In the end, we secured 2nd place in the competition overall. This is how the competition unfolded.

The Setup
We got our first look at the track on December 22nd. Visually, the map appeared simple, it's width was an issue. The track was narrow—ranging only 1.2 to 1.5 meters in width—leaving very little margin for error during overtakes.
However, the biggest adversary wasn't the geometry; it was the environment. The venue wasn't fully enclosed, meaning dust continuously settled on the track throughout the day. For an autonomous stack, this is a nightmare. It made System Identification (SysID) incredibly difficult, as the friction coefficients were constantly changing. We didn't have the luxury of windows to redo our SysID repeatedly, so we had to make a strategic pivot: rather than prioritizing raw speed and aggressive lap times, we had to tune our controller for reliability and robustness against variable traction.
The Time Trials
December 23rd was Time Trials. Our strategy to balance speed with control paid off immediately. We went first, completing 32 laps in 5 minutes.

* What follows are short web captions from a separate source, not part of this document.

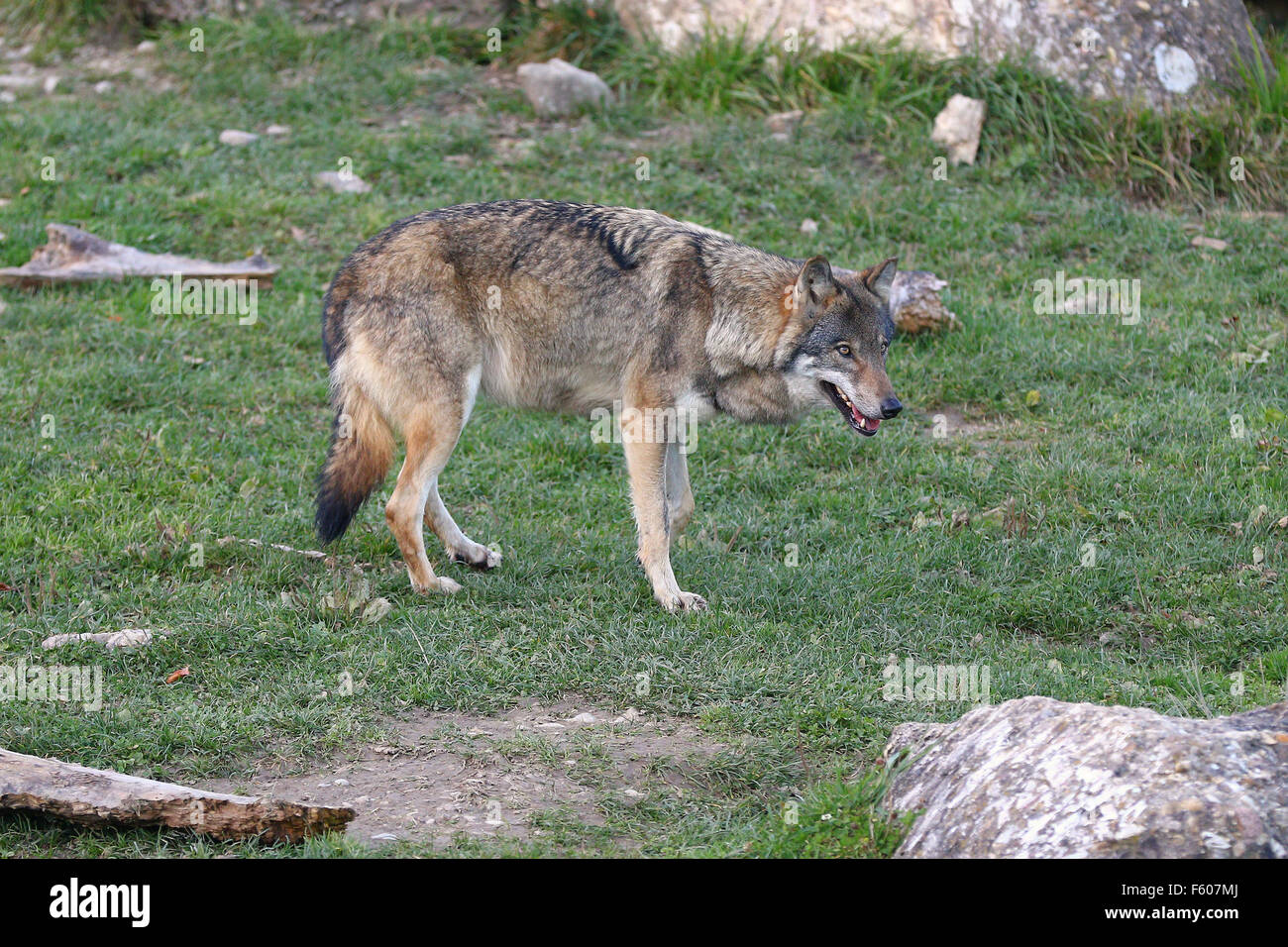 Wolf trotting  in a green meadow in the alps Stock Photo
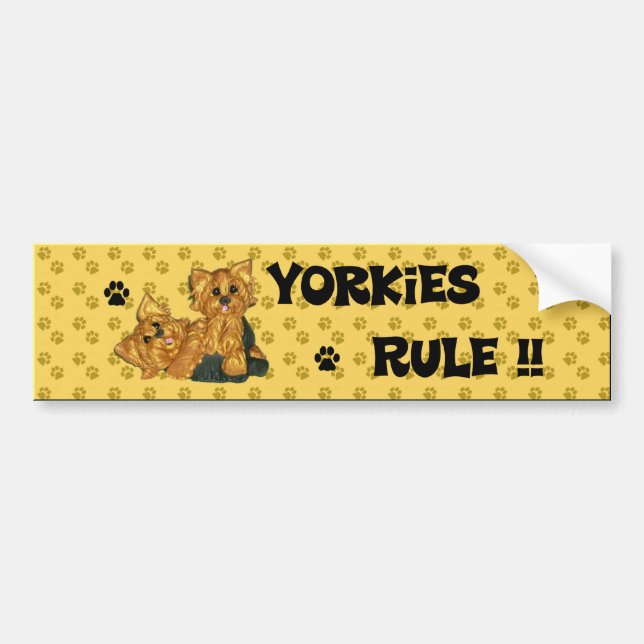 ¡Regla de Yorkies!! Pegatina para el parachoques (Frente)
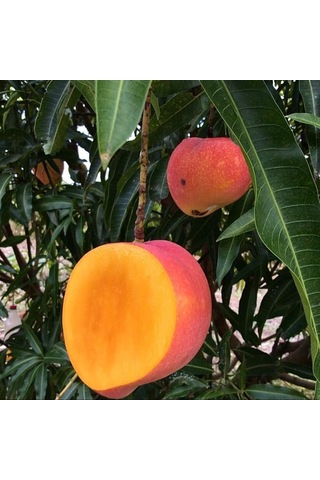 Kent Mango Fidanı 2 Yaş Aşılı, Tüplü, 60 70 Cm Lifsiz & Tatlı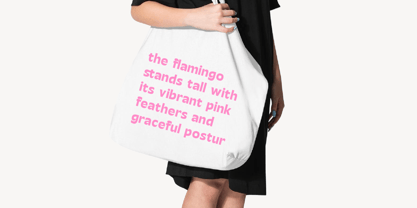 Mighty Swifta Font Poster 5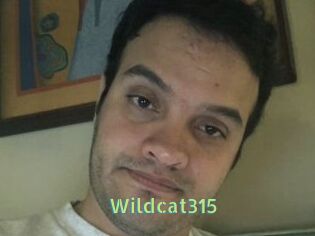 Wildcat315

We clocked our fastest lap at 9.2 seconds, securing the 1st place position in the time trial round. Confidence was high.
The Finals
December 24th brought the Head-to-Head rounds. We carried our momentum forward, winning our first two races cleanly to qualify for the Grand Finals.
However, the schedule played a massive role in the final outcome. There was a significant time gap between our semi-final qualification and the final race. During those hours, the non-indoor nature of the venue took its toll—a thick layer of dust had settled on the track.
The critical issue was that our controller tuning and dynamics parameters were set based on track conditions from early that morning. When the finals began, the car behaved noticeably differently on the slipperier surface. This was a big issue; all it took was one slip, leading to a crash. That error put us a couple of seconds behind, and despite trying our best to recover, we finished in 2nd Place.
The ending was a roller coaster of emotions. To dominate the time trials and reach the finals, only to be undone by environmental factors, was tough. However, looking back at the five-month sprint from simple wall-following to a podium finish at an event of this scale, the experience was incredible.